Depuis plusieurs jours, Elon Musk tente d’utiliser son influence considérable pour suggérer que la diversité est à l’origine des émeutes : « Si des cultures incompatibles sont réunies sans assimilation, le conflit est inévitable », a écrit Elon Musk. En réponse à une vidéo des émeutes à Liverpool lundi, Elon Musk a prévenu : « La guerre civile est inévitable ».

Six mille policiers sont en alerte pour répondre aux demandes de renseignements d'extrême droite qui ont partagé une liste de dizaines de cibles, notamment l'emplacement de centres d'accueil et de bureaux d'avocats qui aident les demandeurs d'asile. Les autorités se heurtent à la résistance de X pour supprimer les publications considérées comme une menace pour la sécurité nationale, selon un rapport du Financial Times.

Après la mort de trois enfants à Southport lors d'une attaque au couteau de masse la semaine dernière, qui a déclenché les émeutes, les théories du complot ont inondé les plateformes de médias sociaux, y compris X. Mais c'est sur Telegram qu'une grande partie de l'organisation initiale des attaques a eu lieu.

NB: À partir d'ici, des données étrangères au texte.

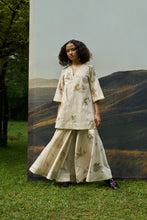 Load image into Gallery viewer, Live Leafy Classic Kurta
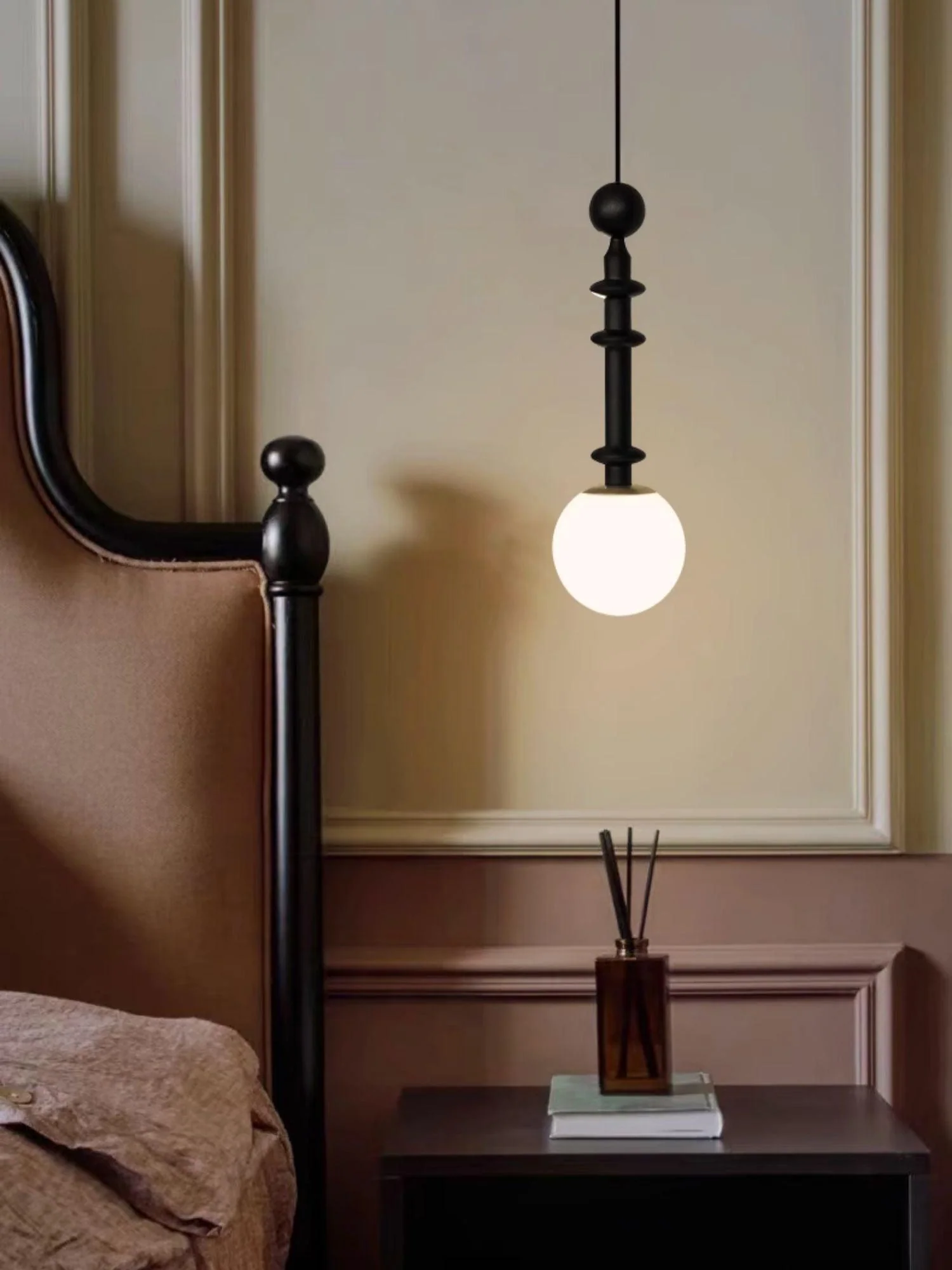 Vesera Wood Industrial Pendant Light - Image 6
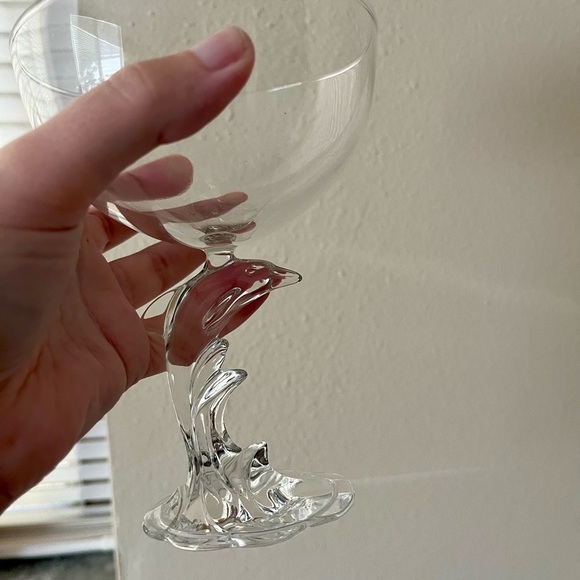 Set of 2 Cristal D’Arques Dolphin Stemmed Glasses - Picture 6 of 7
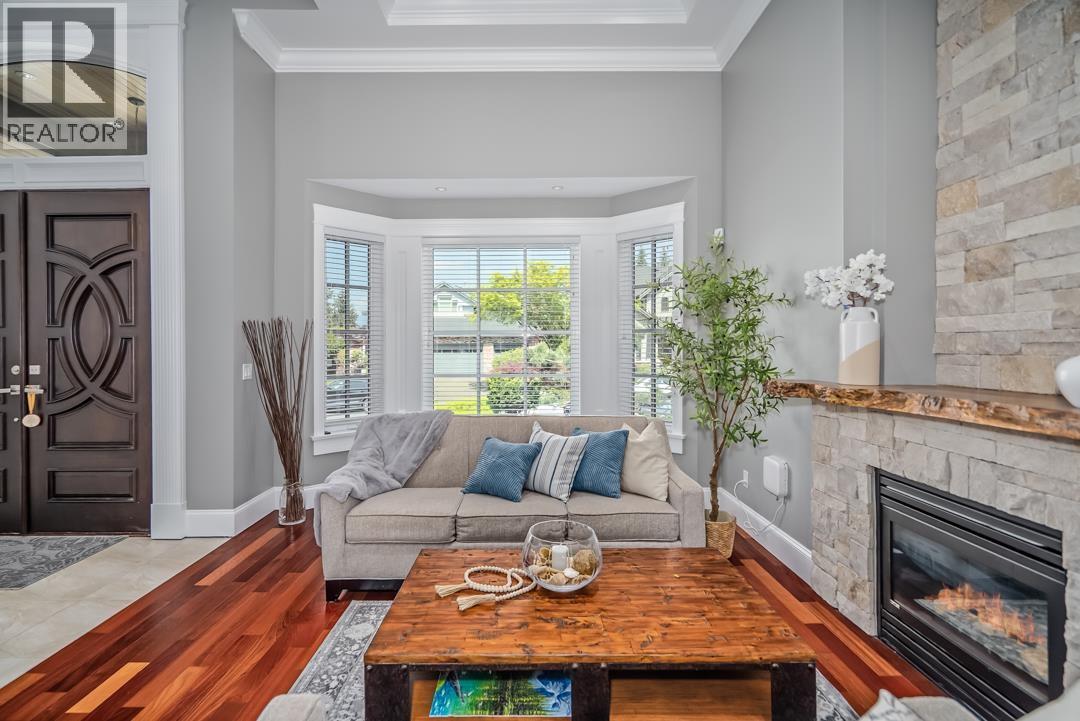 836 SPRICE AVENUE - Photo 4 of 40, Coquitlam, British Columbia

Les chaînes d'extrême droite ont non seulement publié des informations sur les lieux et les horaires des manifestations, mais ont également partagé des informations sur la manière de fabriquer des cocktails Molotov et d'incendier des bâtiments, selon une analyse de plusieurs chaînes Telegram réalisée par WIRED.

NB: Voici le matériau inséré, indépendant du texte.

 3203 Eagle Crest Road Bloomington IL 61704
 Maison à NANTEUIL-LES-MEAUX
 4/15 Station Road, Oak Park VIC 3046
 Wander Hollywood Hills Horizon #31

Mais, alors que Musk et X n’ont pas fait grand-chose pour mettre un terme à leur activité, Telegram semble avoir pris des mesures contre au moins une chaîne qui a été créée pour répandre la haine et la désinformation autour des agressions au couteau de Southport.

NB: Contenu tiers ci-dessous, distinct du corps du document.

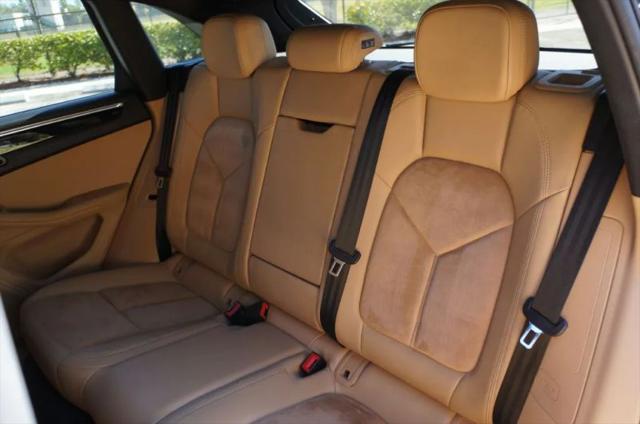 2018 Porsche Macan Base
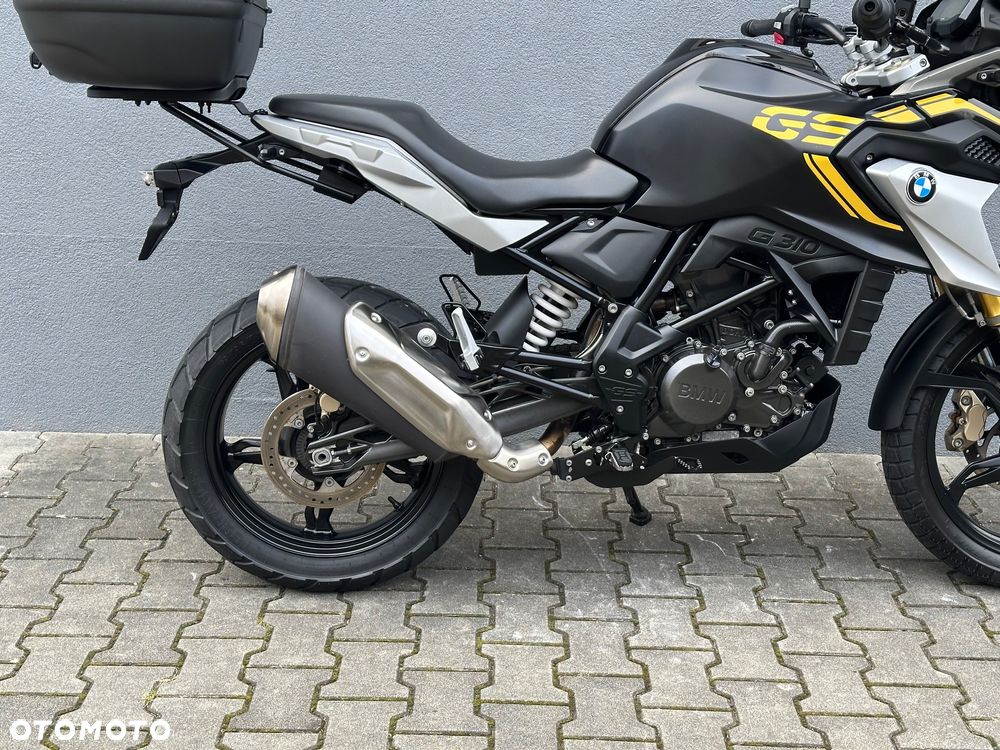 BMW G - 9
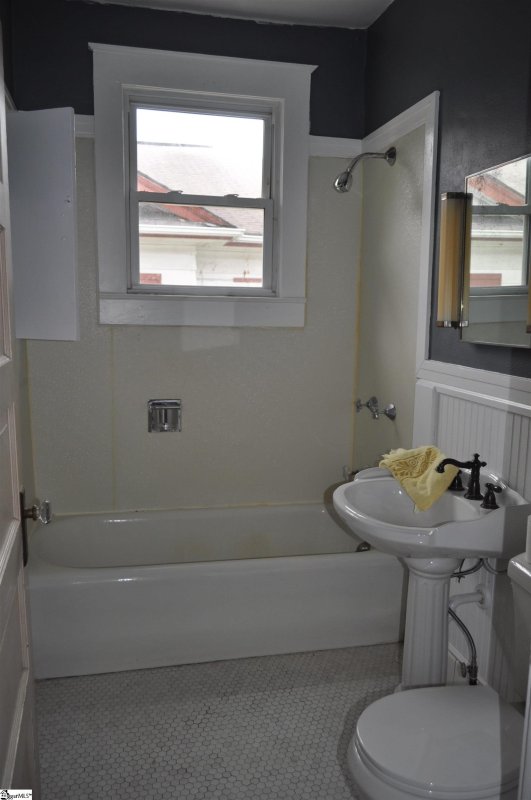 Property image 4 at 329 W Hampton Avenue, Spartanburg, SC 29306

La chaîne Telegram « Southport Wake Up » a été créée quelques heures après l’incident de la semaine dernière et a rapidement rassemblé un nombre considérable d’abonnés. Elle a partagé des détails sur les manifestations locales, mais s’est rapidement transformée en menaces violentes contre des personnes et des lieux nommés.

Lundi soir, Telegram a décidé de supprimer la chaîne, qui comptait alors près de 15 000 membres. On ignore si Telegram a pris cette décision de son propre chef ou si elle a été ordonnée par les autorités britanniques.

Le créateur de la chaîne, qui a été signalé à la police par les chercheurs mais n'a pas été nommé publiquement, a tenté de créer de nouvelles chaînes à plusieurs reprises, mais elles ont toutes été fermées quelques heures après leur création.

Telegram a déclaré à WIRED que ses modérateurs « surveillaient activement la situation et supprimaient les chaînes et les publications contenant des appels à la violence ».

Un porte-parole a déclaré à WIRED que le ministère de l'Intérieur ne pouvait pas dire s'il avait demandé le blocage de la chaîne Telegram Stockport Wakeup, car « c'est un problème opérationnel ».

De nombreuses personnalités d'extrême droite avaient migré vers Telegram ces dernières années après avoir été évincées de toutes les autres plateformes, en raison de l'approche notoirement laxiste de Telegram en matière de censure. Mais depuis le rachat de Twitter par Musk en novembre 2022, nombre de ces extrémistes auparavant exilés ont été accueillis à nouveau, notamment Stephen Yaxley-Lennon, le leader de la défunte English Defense League (EDL), qui porte le nom de Tommy Robinson.